陽光あふれる地中海に保養に来たヒロインと彼女の両親。高出力のスーパーカーの助手席に美女を乗せたイケメン。親子間のコミカルなやり取りとふた昔前の007シリーズを彷彿させる主人公の登場シーンに象徴されるプロローグは軽快なテンポで展開し、直後のデートもさわやかなタッチで楽しませてくれる。ふたりは実は、失恋したばかりのキャリアウーマンと人殺しに嫌気がさした殺し屋。たちまち恋に落ち、殺し屋は己の正体を明かせぬまま彼女と結ばれる。だが、平凡な暮らしや近所付き合いに憧れていた殺し屋の日常が新鮮な一方、後半アクションが加速するとご都合主義にまみれて急速にトーンダウンする。


ニースで知り合ったジェンとスペンサーは意気投合、結婚する。しばらくはしあわせな日々が続いていたが、スペンサーは元上司の指令を断ったことから懸賞金をかけられ、組織が放った殺し屋に命を狙われる羽目になる。
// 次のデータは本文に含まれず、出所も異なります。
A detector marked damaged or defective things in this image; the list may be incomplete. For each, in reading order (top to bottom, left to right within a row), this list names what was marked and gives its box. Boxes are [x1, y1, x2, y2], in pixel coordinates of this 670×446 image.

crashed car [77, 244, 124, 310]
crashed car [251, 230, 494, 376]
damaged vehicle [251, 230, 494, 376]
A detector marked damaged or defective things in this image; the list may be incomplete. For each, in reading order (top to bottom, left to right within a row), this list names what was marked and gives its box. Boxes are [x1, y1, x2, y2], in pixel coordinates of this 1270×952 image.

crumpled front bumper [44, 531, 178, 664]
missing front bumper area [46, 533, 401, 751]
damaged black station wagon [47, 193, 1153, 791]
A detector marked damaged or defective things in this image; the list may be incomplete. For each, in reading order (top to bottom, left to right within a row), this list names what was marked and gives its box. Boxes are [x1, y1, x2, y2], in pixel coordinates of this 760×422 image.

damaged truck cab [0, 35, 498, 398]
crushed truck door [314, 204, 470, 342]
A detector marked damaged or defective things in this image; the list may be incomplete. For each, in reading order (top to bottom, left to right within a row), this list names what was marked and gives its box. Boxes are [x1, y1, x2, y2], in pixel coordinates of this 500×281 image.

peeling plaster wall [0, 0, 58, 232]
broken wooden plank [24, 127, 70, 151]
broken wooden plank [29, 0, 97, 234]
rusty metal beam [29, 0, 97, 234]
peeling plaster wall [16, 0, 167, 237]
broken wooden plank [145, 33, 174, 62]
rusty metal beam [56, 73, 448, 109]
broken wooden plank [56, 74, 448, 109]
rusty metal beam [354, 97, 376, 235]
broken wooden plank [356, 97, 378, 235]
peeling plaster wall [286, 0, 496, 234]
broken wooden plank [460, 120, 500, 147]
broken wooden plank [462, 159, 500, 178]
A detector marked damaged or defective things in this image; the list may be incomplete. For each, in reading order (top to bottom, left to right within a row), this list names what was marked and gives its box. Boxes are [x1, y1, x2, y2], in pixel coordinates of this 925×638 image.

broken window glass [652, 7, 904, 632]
スペンサーは元々正義感が強く、暗殺のターゲットも明確な“悪人”と定義される者ばかりだったのだろう。それがつい最近まで味方だった男の抹殺を命じられ実行に移した時、心の中で“何かしっくりこない”と違和感を覚えたに違いない。さらに人を殺しても何も感じなくなった自分に対する恐れが普通の生活・平和な人生を歩む決意をさせる。しかし、物語はスペンサーのそういった葛藤やトラウマを一切省き、ただ足を洗った殺し屋という描き方をするために、人物像の薄っぺらさばかりが目に付いてしまった。


◆以下 結末に触れています◆


その後、スペンサーに次々と殺し屋が襲い掛かってくる。昨日まで友人・隣人・仕事のパートナーだった者が突然ナイフを向け発砲してくるのだ。彼らはみな組織が送り込んだスリーパーでスペンサーの動きを監視していたという設定なのだが、いくらでもスペンサーを殺すチャンスがありながら、なぜか常に不自然なタイミングで牙をむくのだ。いかにキャサリン・ハイグルが「ラブコメの新女王」らしい奮闘を見せても、その説得力の無さを埋めるまでには至っていなかった。。。